Monday, April 24, 2006

First Do No Harm...to My Personal Values

This is one of those stories that really bugs the crap out of me. Like Carla, I have a relatively strong libertarian streak in me, and so when I heard last year about pharmacists refusing to dispense birth control pills or the "morning-after" version, I figured that on balance they probably should have that right. It concerns me that you might be able to opt out of duties that are specifically germane to the performance of your job--in this case, dispensing medication--but as long as the pharmacy in question has someone on staff who WILL dispense it, or at the very least will direct the customer to a pharmacy that will, I think we can tolerate conscientious objection on that score.

Key to that agreement is that while the medical professional is afforded his or her right to abstain on religious or moral grounds, the customer must also have his or her right to obtain legal medication protected. Which is why Friday's Trib article on OHSU professor/family doctor Bill Toffler pisses me off: not only does he refuse to help his patients with abortion, or birth control, or assisted suicide, he also refuses to direct them to doctors who will.

Bluntly put, who the fuck does he think he is? He may answer to God, but someone decidedly more tangible is signing his paychecks--us. OHSU is at least in part a state-funded institution, remember, one that serves quite a few patients who receive care there because their insurance options are sorely limited, and thus don't necessarily get their pick of doctors and pharmacists. Why on earth should OHSU let individual health care providers essentially pick and choose which professional duties hospital staff will perform?

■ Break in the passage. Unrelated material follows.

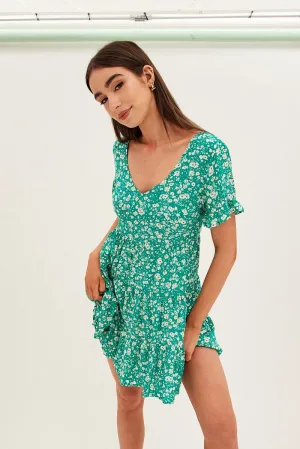 Floral Print Sun Dress Mini Short Sleeve V Neck Glow Mode Birthday Bash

Sanely, they don't. Institutional ethics committee chairman Gary Chiodo is pretty clear in the article that what Toffler is doing is verboten:
OHSU’s policy on conscientious objectors focuses on a couple of fundamental principles. OHSU employees will not be required to participate in procedures that come in conflict with their own beliefs.
But even conscientious objectors cannot refuse “indirect involvement” in procedures, according to the policy. Indirect involvement can include necessary care and comfort that patients may require, and also referring patients to other practitioners. And that just happens to be where Bill Toffler draws his line.
“Providers have a monopoly,” Chiodo said. “The patient can’t go to some other profession and get this. If a patient requests medical service, the policy says you don’t have to be directly involved in delivering it, but you do have to refer the patient to somebody else.” That, it appears, is where OHSU draws its line.
Whew! So this rogue doc will be put to heel right away, correct? It would be unconscionable to do anything other than immediately move to protect the rights of Toffler's patients, wouldn't it? Well, maybe:
[Toffler has] begun to hear of complaints made to his dean about his unwillingness to provide services.
He said he has had a visit from an OHSU administrator who brought up his unwillingness to refer a woman patient to another provider, as required by the conscientious objection policy. He also has been asked to post signs in his office about the procedures he won’t perform. He refused, and considers the request a form of discrimination.
But it is the conscientious objector policy on indirect care — a physician’s duty to refer patients — that has Toffler perplexed, and a little concerned about his job.
“I cannot believe the (ethics committee) believes it is ethical to refer someone for something that you believe is unethical,” he said.
Yet that’s how the conscientious objection policy reads. According to ethics committee chairman Chiodo, “It’s OHSU policy and it is adopted at the highest level.” Chiodo said he expects high level administrative discussions about any OHSU employee who disregards the policy.
Well, that's great! An administrator visited him about it once. Did anything happen? If it did, the Trib's Peter Korn makes no mention of it. Wait, they did ask him to put up signs explaining what he won't do. That could help...if Toffler agreed to do it, which he did not.

So where are we on this? We have a doctor working for a hospital that likes to think of itself as a public entity when issues like medical tort claims come up in conversation. That convenient status cuts both ways, and a doctor for a public entity shouldn't have the ability to let their personal beliefs block the accepted prescription of legal medicines. And private/public aside, the rule is right there in the ethics guidelines for employees. So what does OHSU plan to do with Dr. Toffler? Cancel his golf club membership? Revoke his parking pass? Tell him he can't use the tram? Because so far, I see a scofflaw who's made his abuse of the system quite public...and his bosses are doing squat to stop it.